Digital librarires and spatial information processing
The process of constructing and supporting general digital libraries offers a rich area for research into, and application of, parallel and distributed computing. The ability of large, distributed digital libraries to perform adequately over the Internet may well depend on the contributions that parallel computing can make to their performance. This is particularly the case for digital libraries that support access to multimedia materials by geographical reference, as compared with more traditional forms of access relating to author, title, and subject matter. We provide a survey of significant classes of problems in the construction and maintenance of such libraries that can benefit from parallel and distributed processing. Particular emphasis is placed on the processing of information that is implicitly or explicitly organized in terms of spatial reference.

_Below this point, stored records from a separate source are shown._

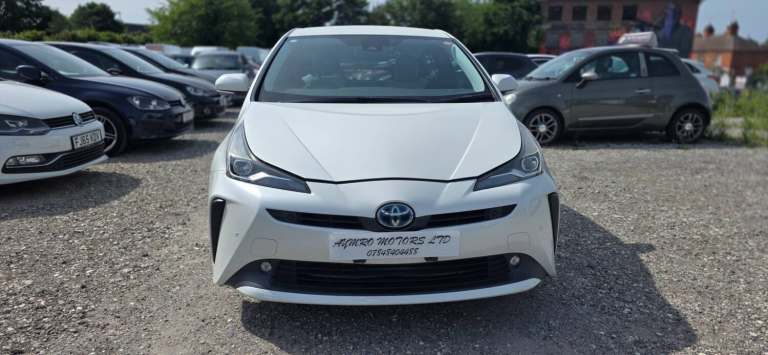 2019 Toyota Prius 1.8 VVTi Business Edition 5dr CVT Hatchback Petrol/Electric Hybrid Automatic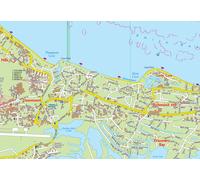 Carte topographique - Providenciales (Provo), Turks & Caicos Islands | Kasprowski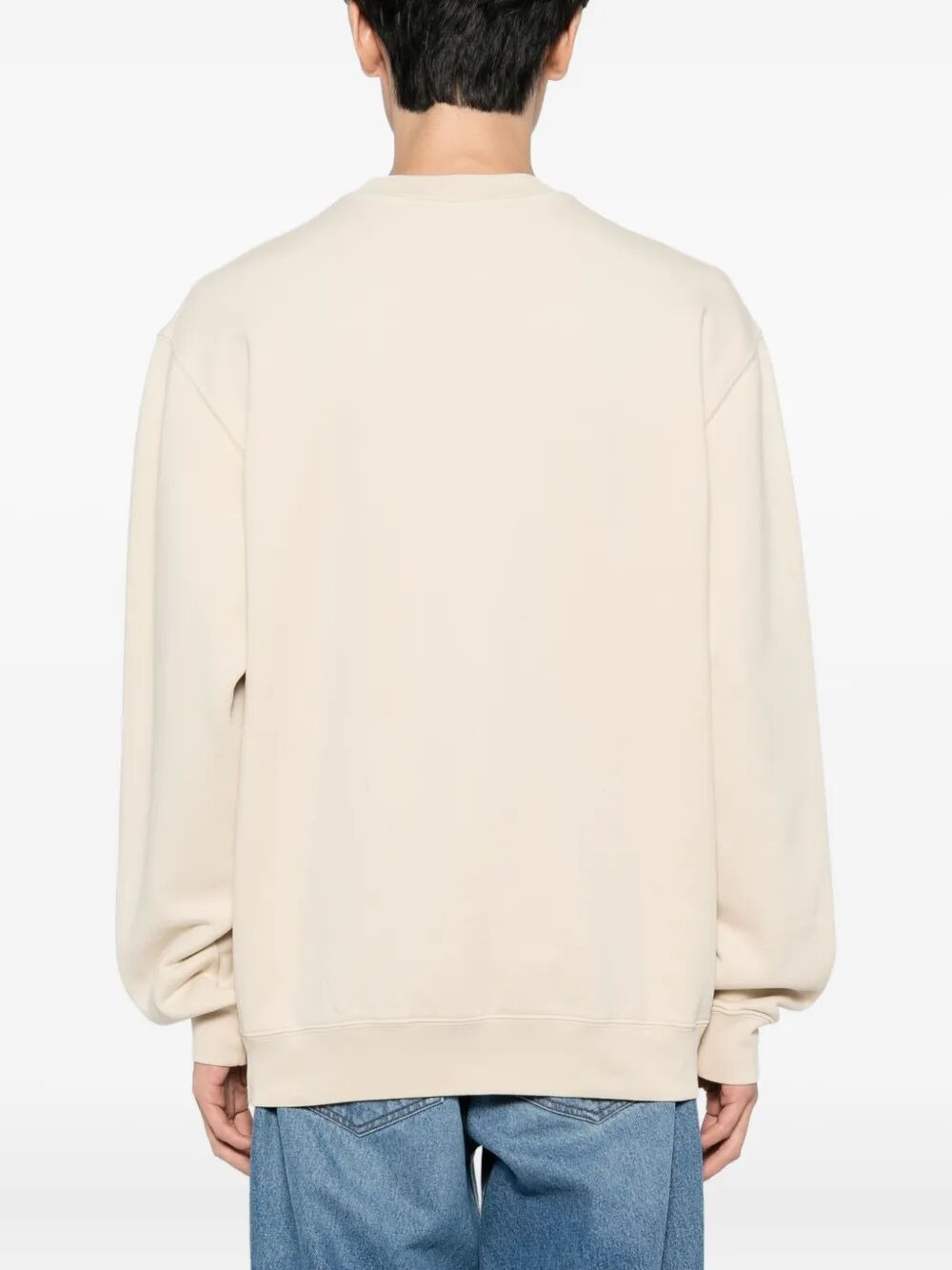 Jacquemus Men "Le Sweatshirt" Gros Grain - 4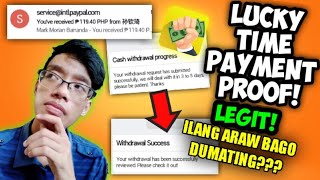 LUCKY TIME APP PAYMENT PROOF: Ilang araw bago dumating?🤔 Magkano ang kinita ko? screenshot 4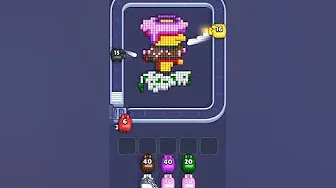 Pixel Flow Level 871 grid layout and solution screenshot
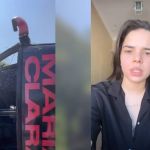 Ônibus da cantora sertaneja Maria Clara tomba em rodovia de Alagoas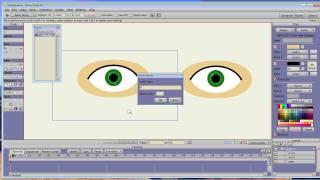 anime studio eye tutorial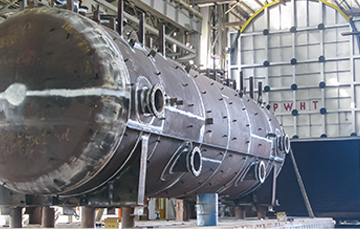 کوره تنش گیری ماشین سازی اراک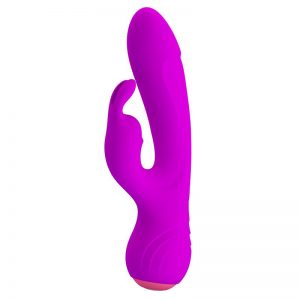 Vibrador Broderick Silicona Medica 17.9 x 4.2 cm diseñado por la marca PRETTYLOVE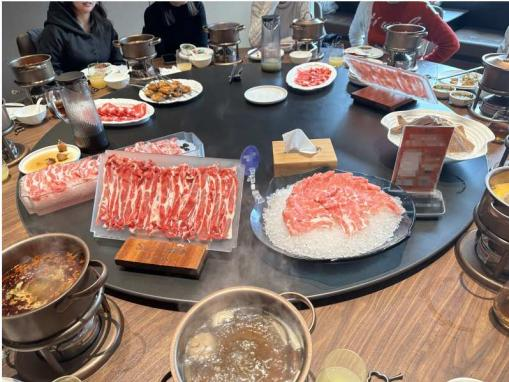 Outdoor 's First Hotpot Gathering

Such information includes items whose contents are explicitly organized in terms of spatial reference, such as maps, images, and video (and hence in terms of the “vector” and “raster” data models), and items whose contents are only implicitly organized in such terms, such as texts. Key aspects of such information that encourage the application of parallel computation are the large sizes of individual items (often in the gigabyte range); the fact that much of the information contained in the items is in “implicit” form and requires significant computation to make explicit; and possibilities for decomposing a computation into relatively independent components corresponding to some partition of the geographic space.
The survey is organized in terms of the main functional components of a general digital library: the interface, catalog, storage, and ingest components. Examples of the problems discussed in the survey include the use of library servers that take the form of multicomputers and whose scheduling is optimized to support many simultaneous library users; the user of high-performance parallel computing for the extraction of catalog meta-information and the translation of meta-information representation languages; the application of high-performance parallel computing for the preprocessing of large datasets in preparation for storage in appropriate forms; the application of high-performance parallel computing for the processing of spatially-indexed items at query time, in support of user-centered workspaces; and the use of multicomputing in processing user queries over large networks of workstations.